There are a few things from the output we can note.

First, is the p-value. The p-value tells us the likelihood that the null hypothesis (in this case no difference between groups) is true. For p-values less than 5 percent, we can reject the null hypothesis and state there is a statistically significant difference between the two groups.

The p-value in our t-test was 0.0070025, which is less than 1 percent so we can reject the null hypothesis.

Our study finds that birth weights are on average higher in the non-smoking group compared to the smoking group (t-statistic 2.73, p=0.007, 95 % CI [78.6, 489]g)

7.3 Standard Levels of significance

Levels of significance, \(\alpha\), are commonly - \(\alpha\) = 0.10 is marginally significant - \(\alpha\) = 0.05 is significant - \(\alpha\) = 0.01 is very significant

We reject the null hypothesis \(H_0\) if the p-value \(< \alpha\).

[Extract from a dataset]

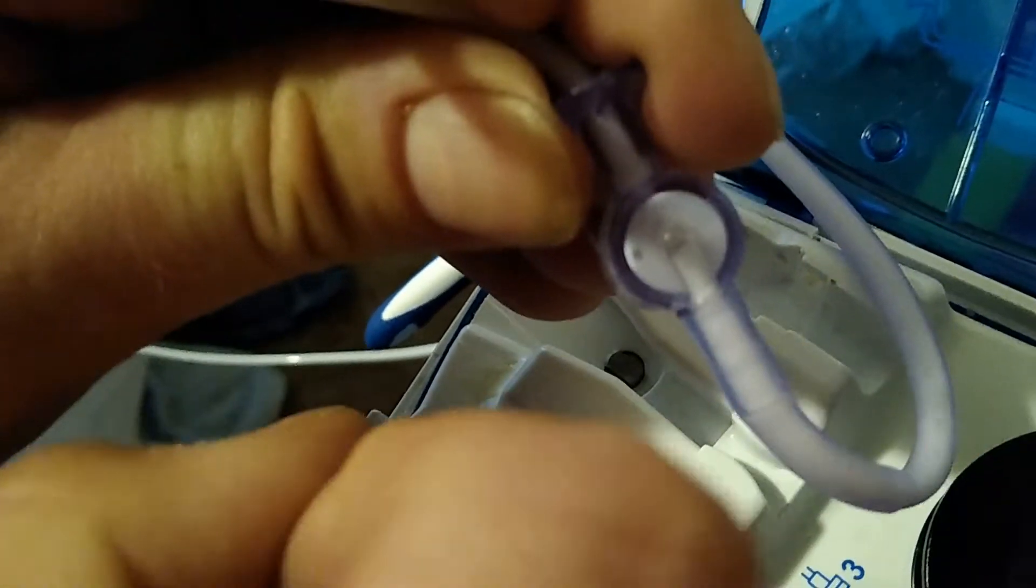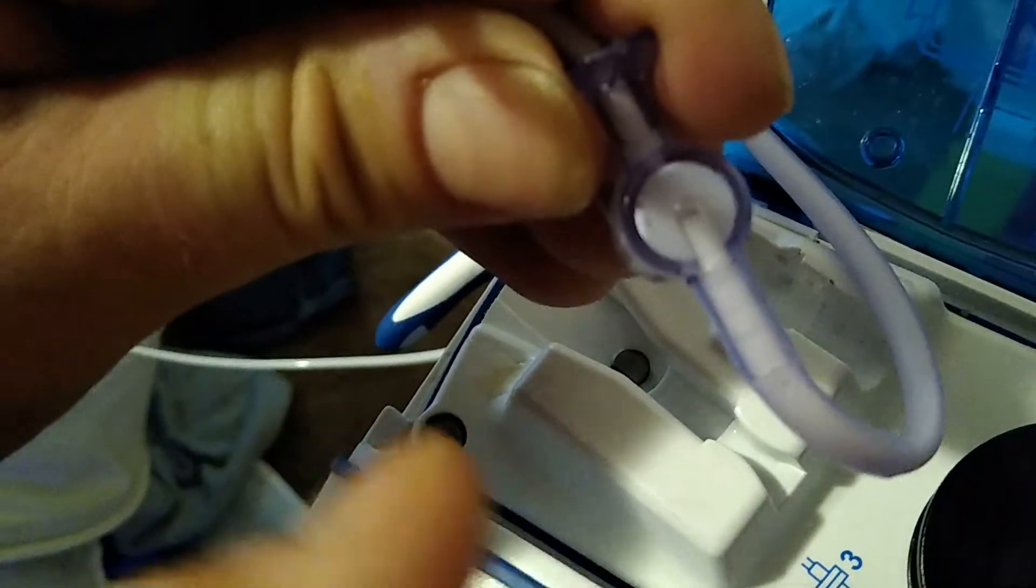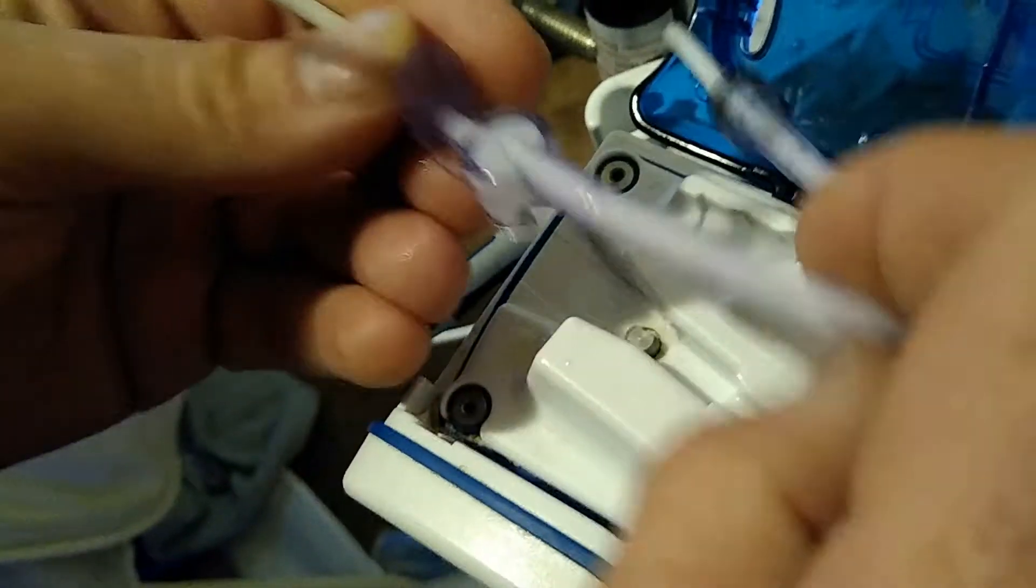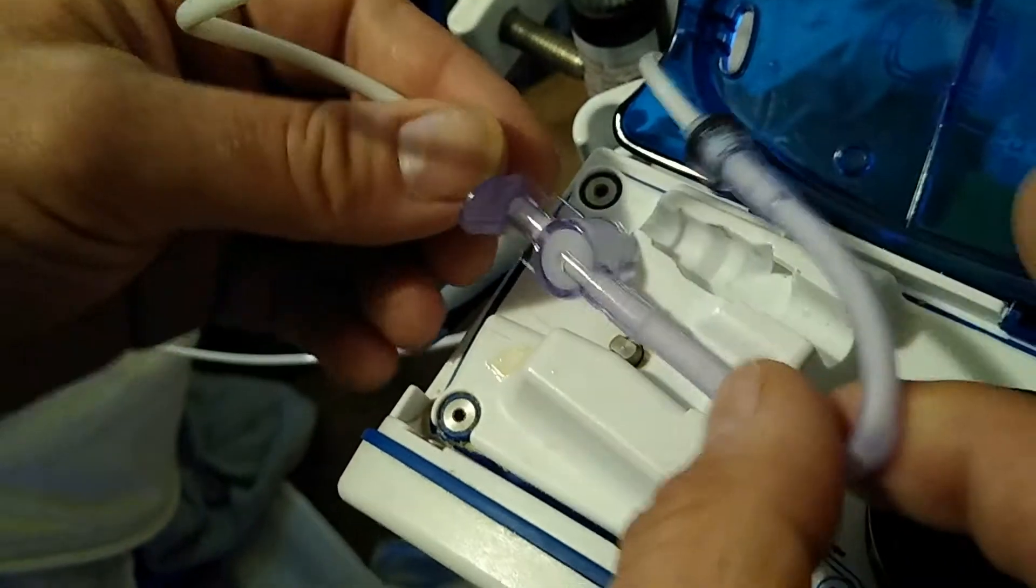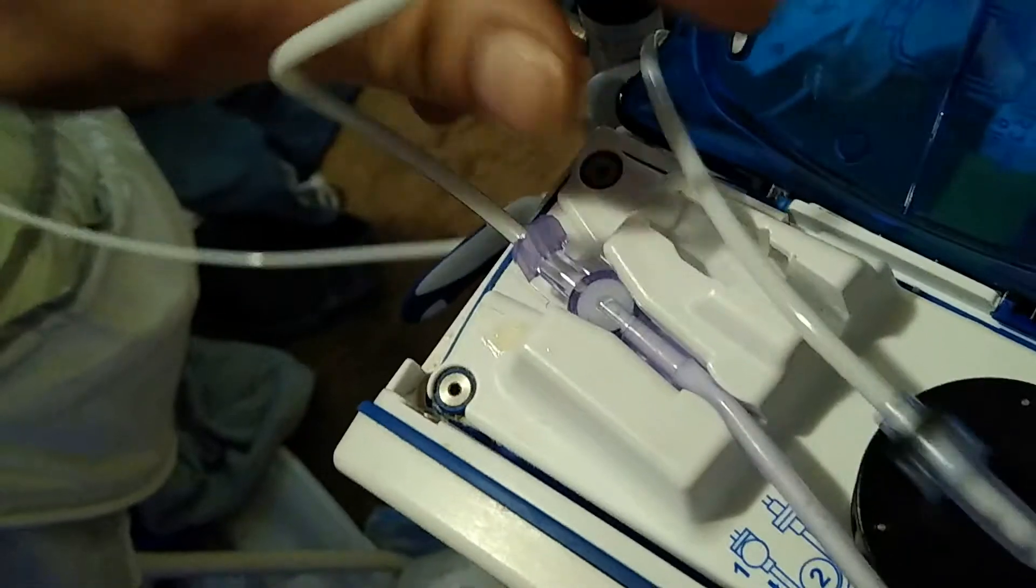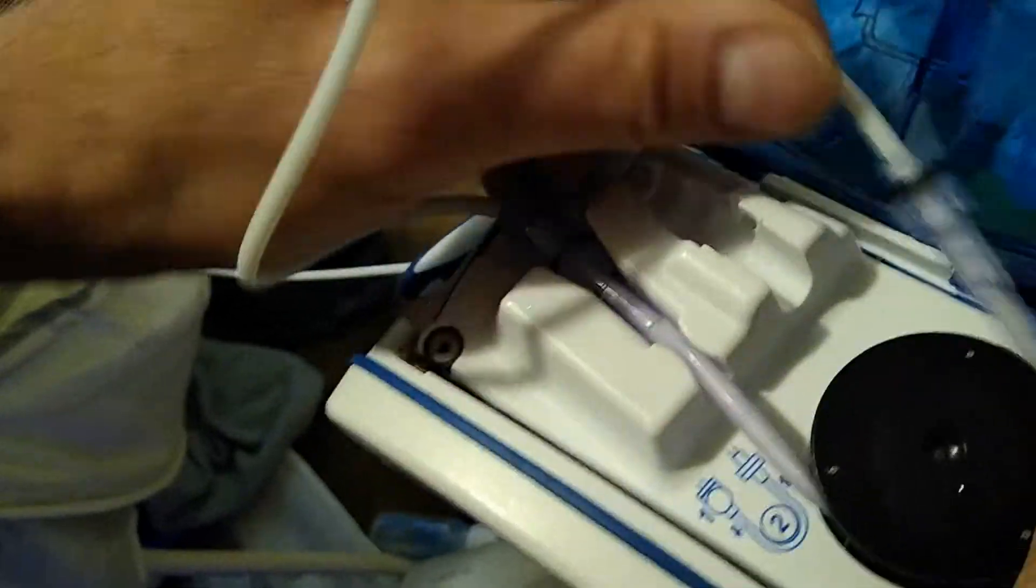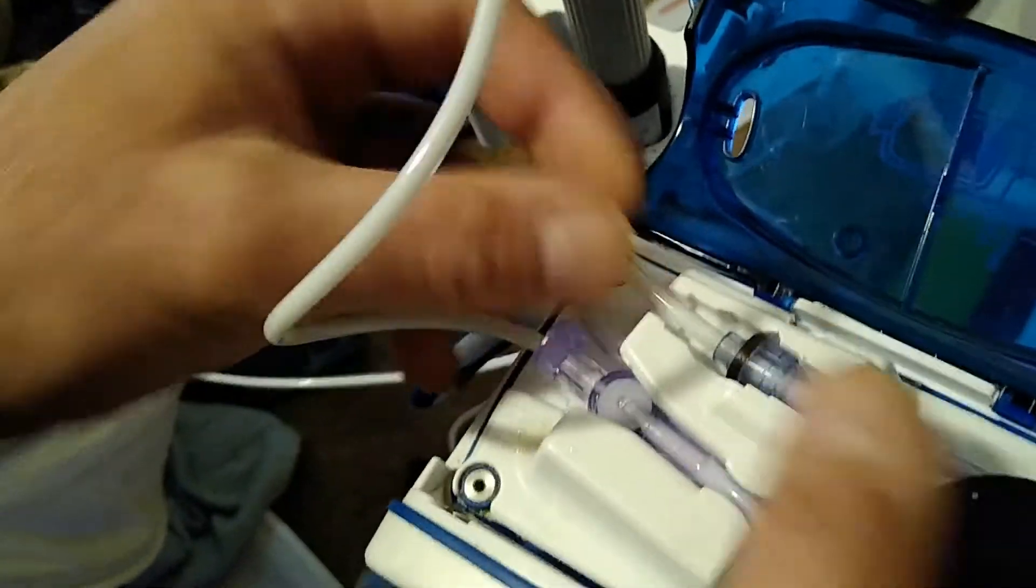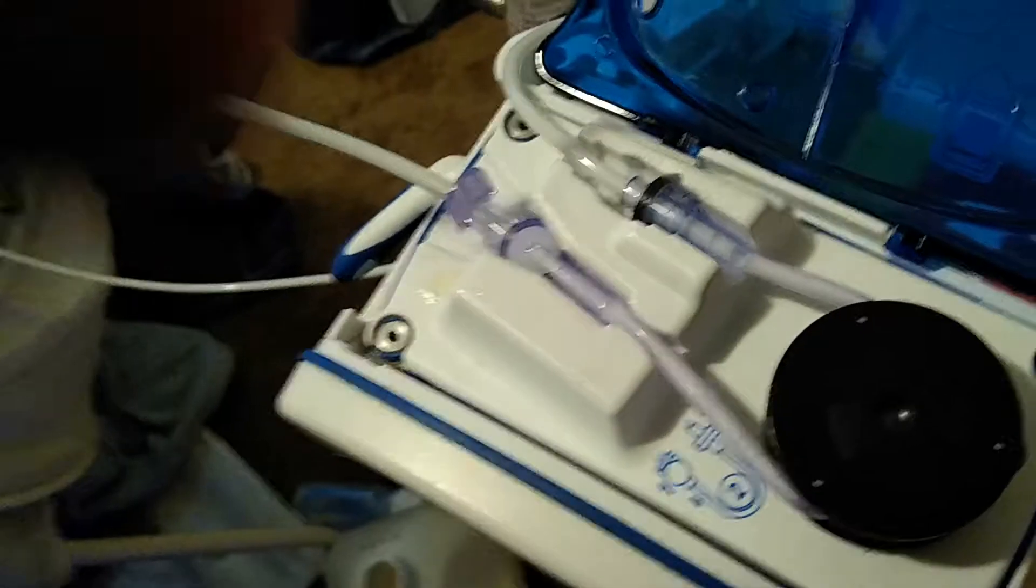So you can flick it a few times. Now to prevent that from happening at all, what you can do is before you put your formula in, let it sit in the bottle for about a minute so there's no foam at all.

The significance level represents the probability of committing a Type I error that we are willing to accept. A Type I error is rejecting the null hypothesis when the null hypothesis is true.

7.4 Warning

7.4.1 Can We Accept the Null Hypothesis?

Some researchers say that a hypothesis test can have one of two outcomes: you accept the null hypothesis or you reject the null hypothesis. Many statisticians, however, take issue with the notion of “accepting the null hypothesis.” Instead, they say: you reject the null hypothesis or you fail to reject the null hypothesis.

Why the distinction between “acceptance” and “failure to reject?” Acceptance implies that the null hypothesis is true. Failure to reject implies that the data are not sufficiently persuasive for us to prefer the alternative hypothesis over the null hypothesis.

Think of it this way. In court, we say a person is either guilty or not guilty. We do not say the person is innocent. That is, we conclude that either there is enough evidence to say the person is guilty or there isn’t enough evidence (fail to reject).